Laut dem Bericht in RTL explosiv soll er schon seit ein paar Tagen in U-Haft sitzen.
Im Stream ab ca. 42:35 min. zu sehen.


----------



## Aka-Aka (17 März 2013)

http://www.heute.at/news/oesterreich/wien/art23652,857903

http://www.heute.at/news/oesterreich/art23655,856322


> Senioren in ganz Europa feierten den "Heute"-Bericht über die Verhaftung des mutmaßlichen Millionenbetrügers Gerhard B. (45). Denn der Chef eines Firmengeflechtes in Wien-Donaustadt agierte international.


----------



## dvill (1 Juni 2014)

http://www.tt.com/wirtschaft/unternehmen/8442079-91/betrugskrimi-um-gewinnspiele-vor-gericht.csp


> Der Angeklagte selbst wehrte sich gestern gegen den Vorwurf des gewerbsmäßigen schweren Betrugs und berief sich auf die Expertise von gleich zwei Justizministern. So verwies B. u. a. auf Minister Wolfgang Brandstetter (ÖVP), der seine Geschäfte geprüft und abgesegnet habe.
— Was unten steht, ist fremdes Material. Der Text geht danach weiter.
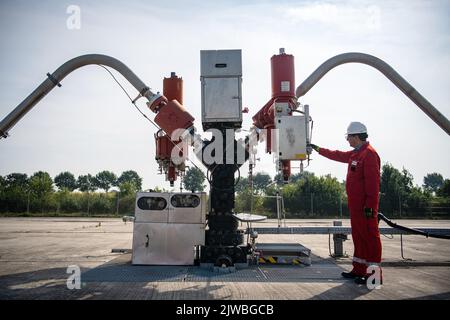 Vechta, Deutschland. 26. August 2022. Peter Thie von ExxonMobil steht am Eruptionskreuz des Erdgasfeldes Goldenstedt Z23. (To dpa ''Kampf um jeden Kubikmeter': Deutsche Gasproduktion und ihre Grenzen') Quelle: Sina Schuldt/dpa/Alamy Live News Stockfoto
Er habe „nicht mit irgendwelchen Winkeladvokaten, sondern den allerbesten Anwälten, der Oberschicht“ zusammengearbeitet, sagte der Angeklagte. Neben Brandstetter habe er auch dessen Amtsvorgänger – Ex-Justizminister Dieter Böhmdorfer – beschäftigt. Die Rechtsanwälte hätten die Werbemittel jedes Mal freigegeben.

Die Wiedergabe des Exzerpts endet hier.